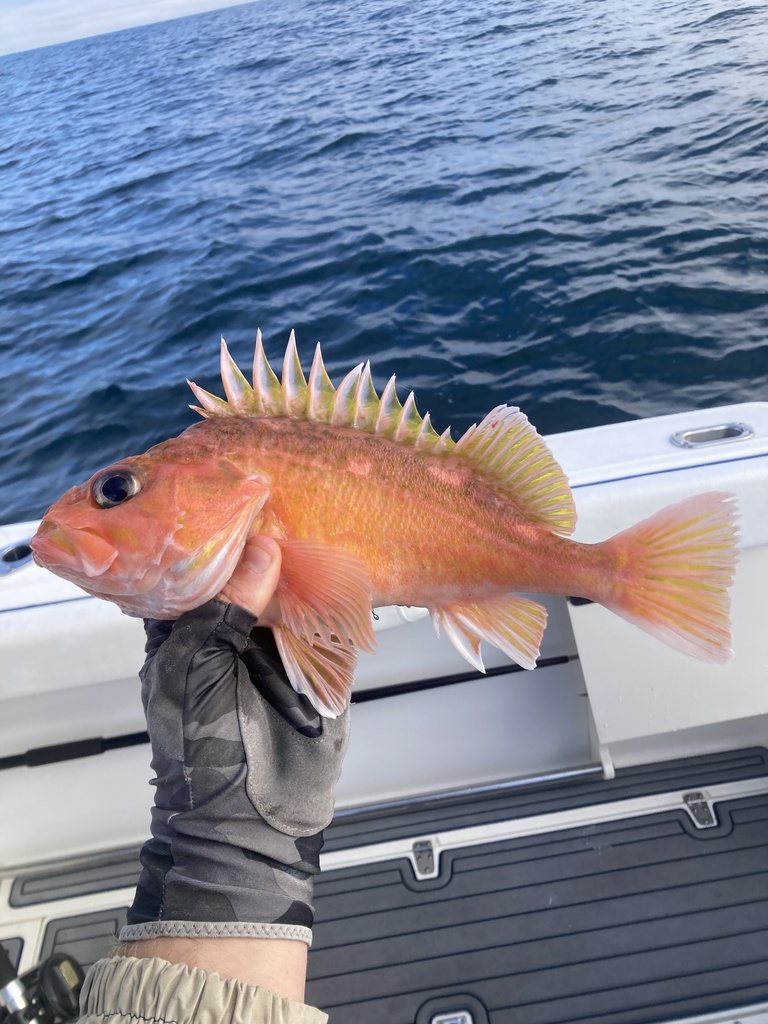 Greenblotched Rockfish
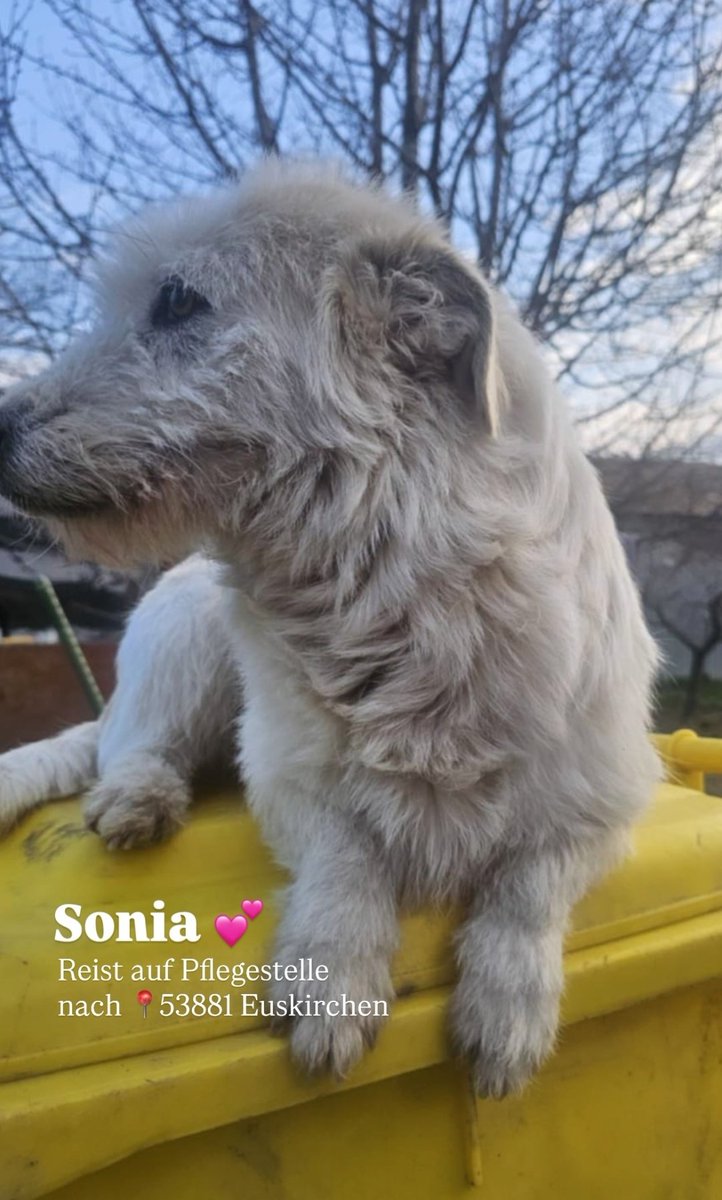 Sonja: wir-retten-hunde.de/sonia-reist-au…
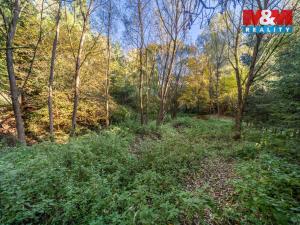 Prodej pozemku pro bydlení, Probulov, 3073 m2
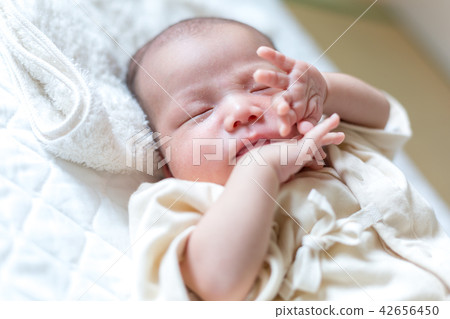Newborn Photo 42656450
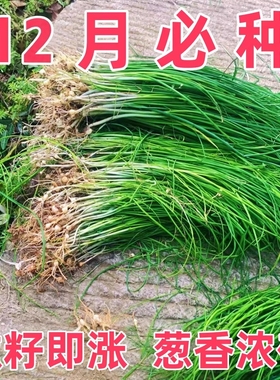 野葱新鲜野菜深山现挖小根蒜胡葱野生葱百香葱野菜苦藠头种子四季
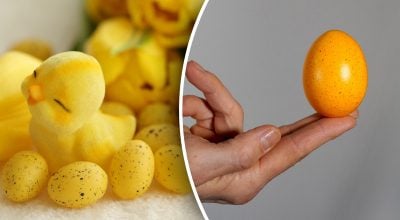 Як пофарбувати яйця в жовтий колір Як пофарбувати яйця в жовтий колір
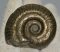 Hildoceras ammonitesz Angliából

= = = = = = =

- _PROBLEM TO WORK ON_: Nothing but the records themselves, exact and complete, should be returned; leave the pictures out.

- _ANSWER SECTION_:
 Greenblotched Rockfish
 Sonja: wir-retten-hunde.de/sonia-reist-au…
 Prodej pozemku pro bydlení, Probulov, 3073 m2
Newborn Photo 42656450
 野葱新鲜野菜深山现挖小根蒜胡葱野生葱百香葱野菜苦藠头种子四季
 Як пофарбувати яйця в жовтий колір Як пофарбувати яйця в жовтий колір
 Hildoceras ammonitesz Angliából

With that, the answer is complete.